We’ve entered the era of a global dairy market, Vernon Crowder, food and agribusiness research economist with Rabobank, told audience members this week at a dairy financing conference in Visalia, Calif.
The U.S. market is now linked to the world market and will continue to be connected in the future, he said.
Traditionally, the world’s dairy industry has been very fragmented. International trade has been very thin. Markets have been highly distorted by regulation, which has ensured limited connectivity between pricing in different markets around the world.
However, these things are changing.
Global dairy consumption is improving and should continue to do so as the world economy recovers. The world economy is expected to grow 4 percent this year, compared to a 20-year average of 3.5 percent. China and Russia are expected to exceed the average growth rate.
China’s dairy growth continues to be shaped by food-safety scandals in the country, as China doesn’t trust its own indigious milk supply.
Global milk supply is expected to expand along with increased global demand, but higher grain prices may temper some of that growth.
Crowder says he expects global dairy commodity prices to remain extremely high through 2011, but he has some concerns regarding the fourth quarter.
Risks to be aware of are overproduction in the United States or European Union and if China and/or Russia don’t come to the party. Both of these risks could have a negative impact on dairy prices.
On the upside, India may run short of milk, which would have a positive impact on milk prices. And, any weather disruptions to the next growing season in New Zealand would also have a positive impact.
For now, the prognosis is good, but volatility will remain.
To be a player in the new global dairy era, Crowder says the U.S. dairy industry needs to get itself export-ready. Historically, the U.S. has not been export-ready. Among other things, the U.S. has often been faulted for not meeting the exact specifications of foreign buyers.
There is a real cost to this, he notes. U.S. commodities are sold at a discount; industry-funded subsidies are used in a boom environment, and milk prices are lower in the U.S. than they could be as a result of ineffective role of the U.S. market. Crowder notes that U.S. farmers are now receiving less for their milk than New Zealand farmers.
The solutions to these problems are straightforward, but require application by the processors, notes Crowder. There are signs that progress is being made, but the U.S. market discount suggest the industry isn’t there yet.
The old regulatory system is no longer appropriate, he adds. The old system was designed for a domestic market era; the Dairy Export Incentive Program has little firepower, and the Commodity Credit Corporation provides little protection.

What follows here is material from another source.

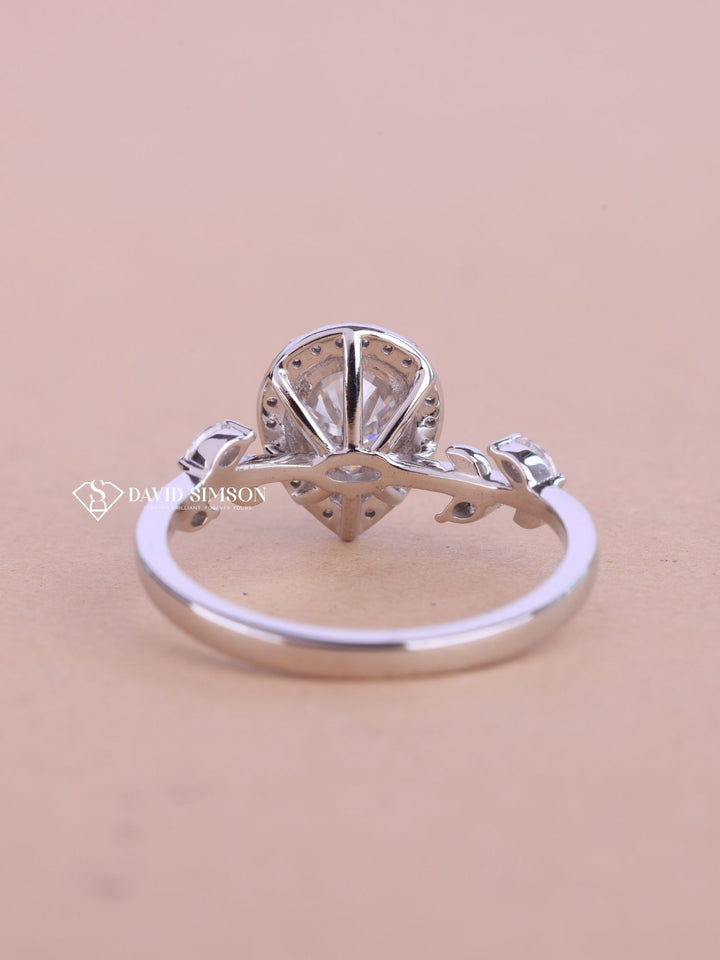 1.0CT-2.0CT Pear Cut Halo Moissanite Diamond Nature Inspired Engagement Ring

The era of the global market will open up opportunities for dairy producers. But this new era is going to be characterized by volatility, says Crowder. Businesses need to be well-managed to minimize the volatility and robust enough to withstand the volatility that they can’t mitigate.
The U.S. dairy industry has entered a global market era and it can’t go back. In order to thrive in this new era, the U.S. dairy industry needs to act now.